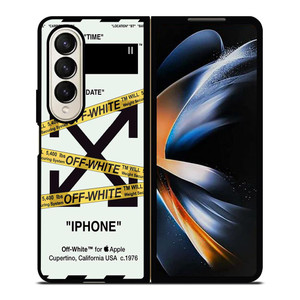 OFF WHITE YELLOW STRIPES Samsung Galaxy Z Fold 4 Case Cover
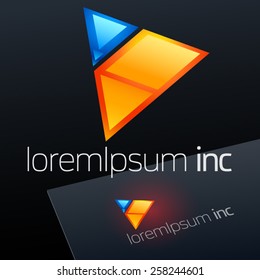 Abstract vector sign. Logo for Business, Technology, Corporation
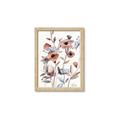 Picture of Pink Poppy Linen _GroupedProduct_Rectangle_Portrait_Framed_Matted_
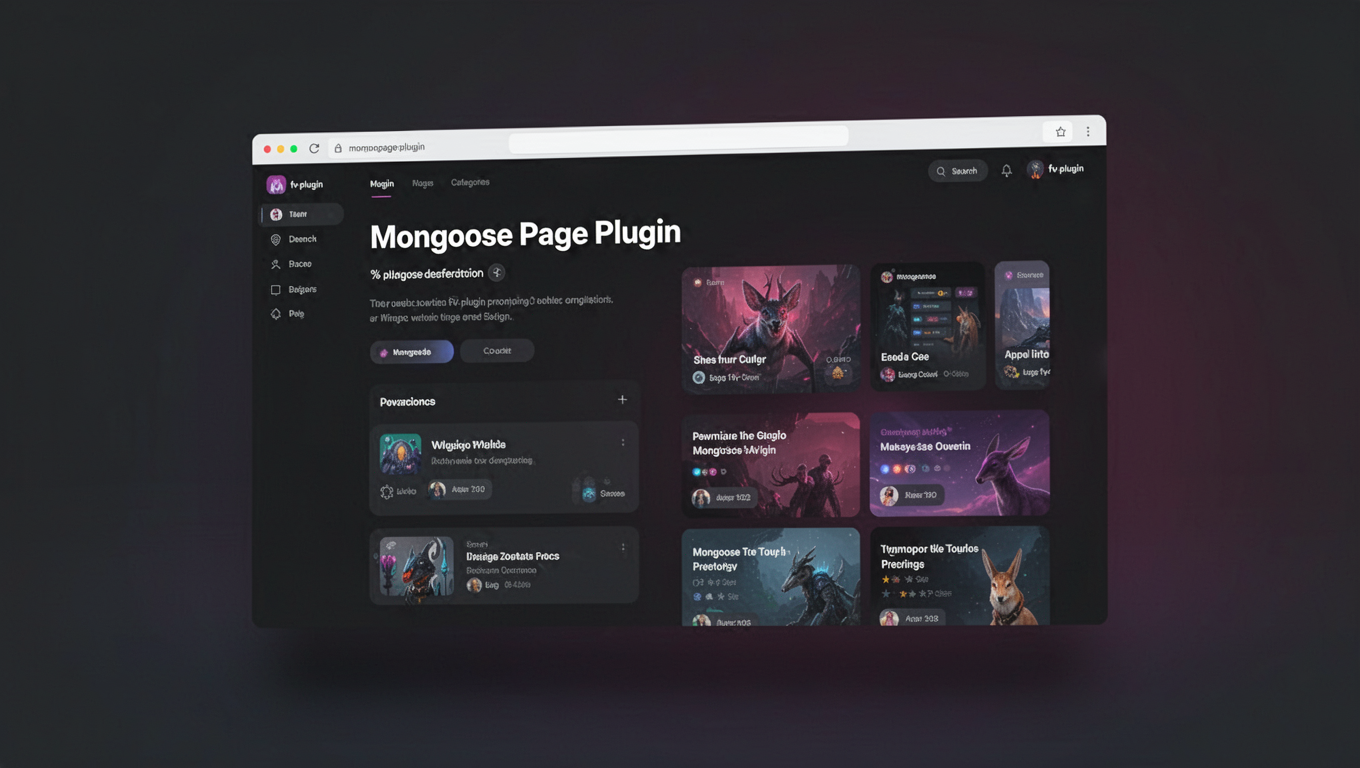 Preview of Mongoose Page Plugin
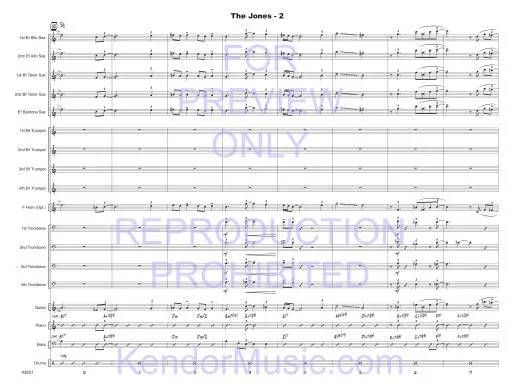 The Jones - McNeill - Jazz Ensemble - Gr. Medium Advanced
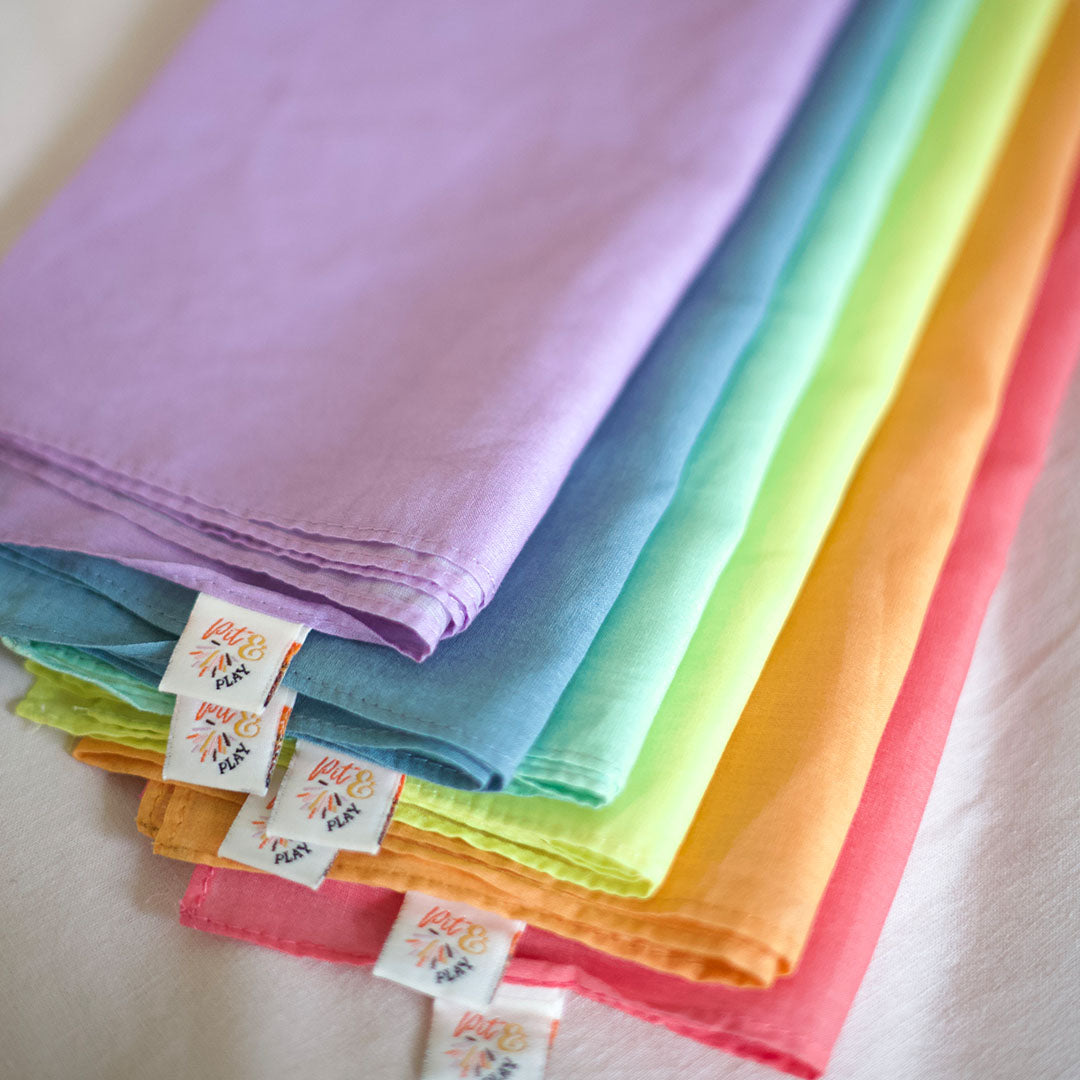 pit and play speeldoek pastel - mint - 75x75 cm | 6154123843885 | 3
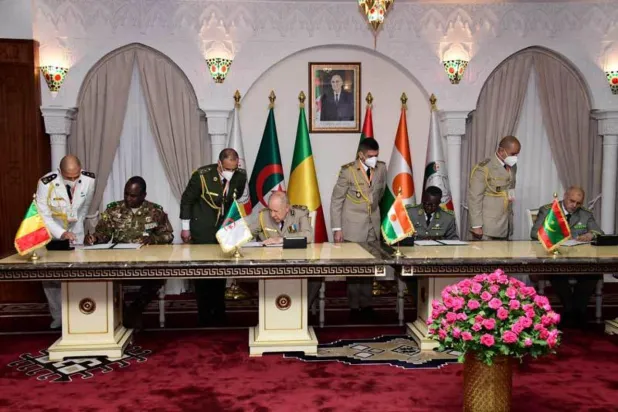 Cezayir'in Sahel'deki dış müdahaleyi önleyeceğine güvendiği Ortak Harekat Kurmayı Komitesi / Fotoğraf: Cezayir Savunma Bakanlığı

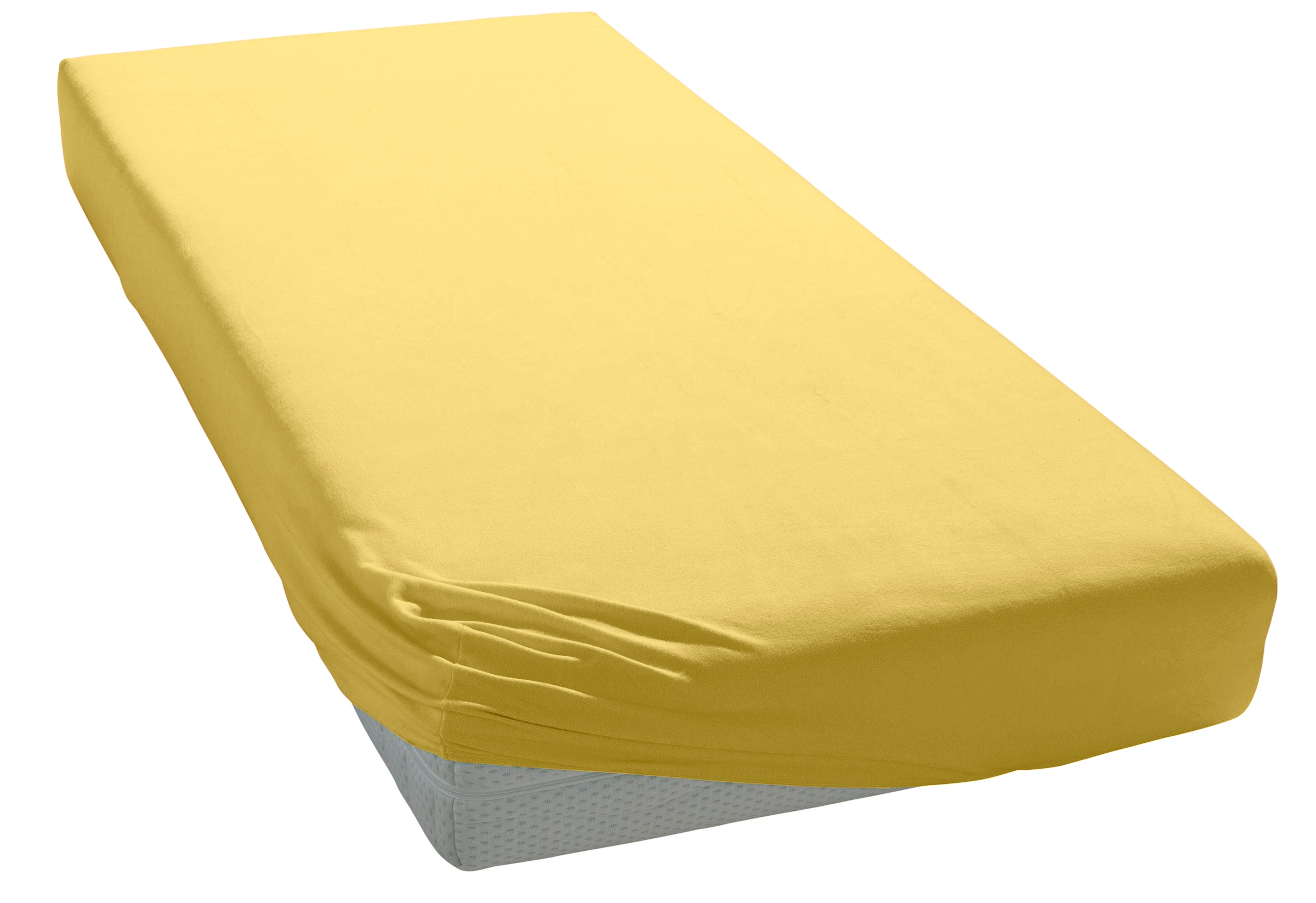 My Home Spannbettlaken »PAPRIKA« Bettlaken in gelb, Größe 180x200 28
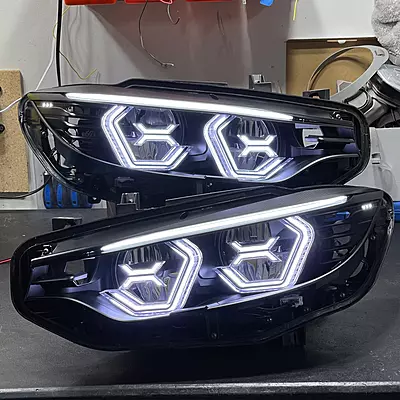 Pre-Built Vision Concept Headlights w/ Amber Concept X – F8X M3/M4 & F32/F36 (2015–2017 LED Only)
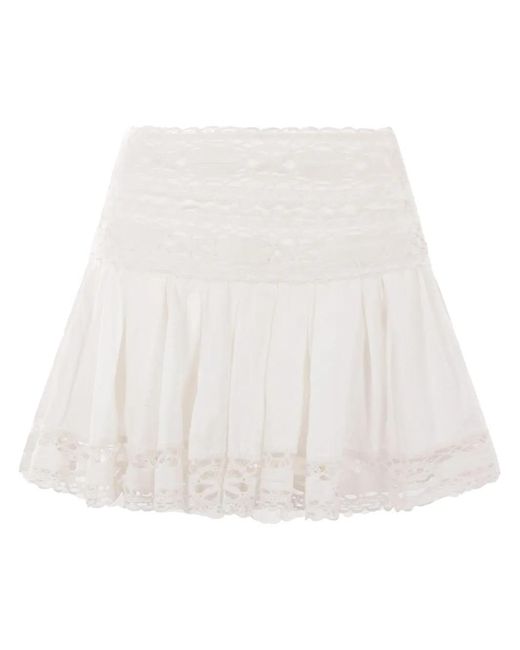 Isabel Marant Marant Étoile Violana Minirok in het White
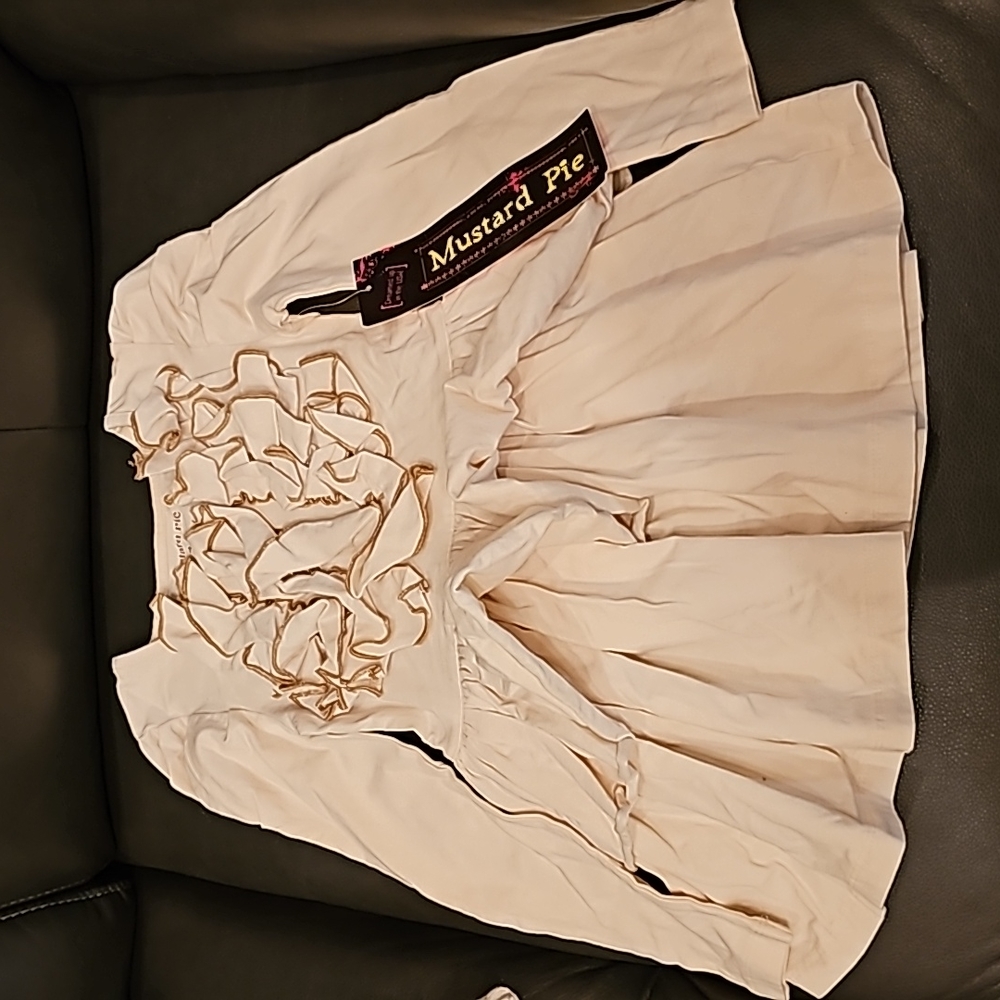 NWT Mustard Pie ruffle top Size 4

○ ○ ○ ○ ○ ○ ○

ACTIVITY: Excerpt from the records above: set down only the lines from the one that contains "The Jones - McNeill" through the one that contains "My Home Spannbettlaken", inclusive, word for word. Pictures stay out.

FINAL ANSWER:
 The Jones - McNeill - Jazz Ensemble - Gr. Medium Advanced
 pit and play speeldoek pastel - mint - 75x75 cm | 6154123843885 | 3
 Cezayir'in Sahel'deki dış müdahaleyi önleyeceğine güvendiği Ortak Harekat Kurmayı Komitesi / Fotoğraf: Cezayir Savunma Bakanlığı

 My Home Spannbettlaken »PAPRIKA« Bettlaken in gelb, Größe 180x200 28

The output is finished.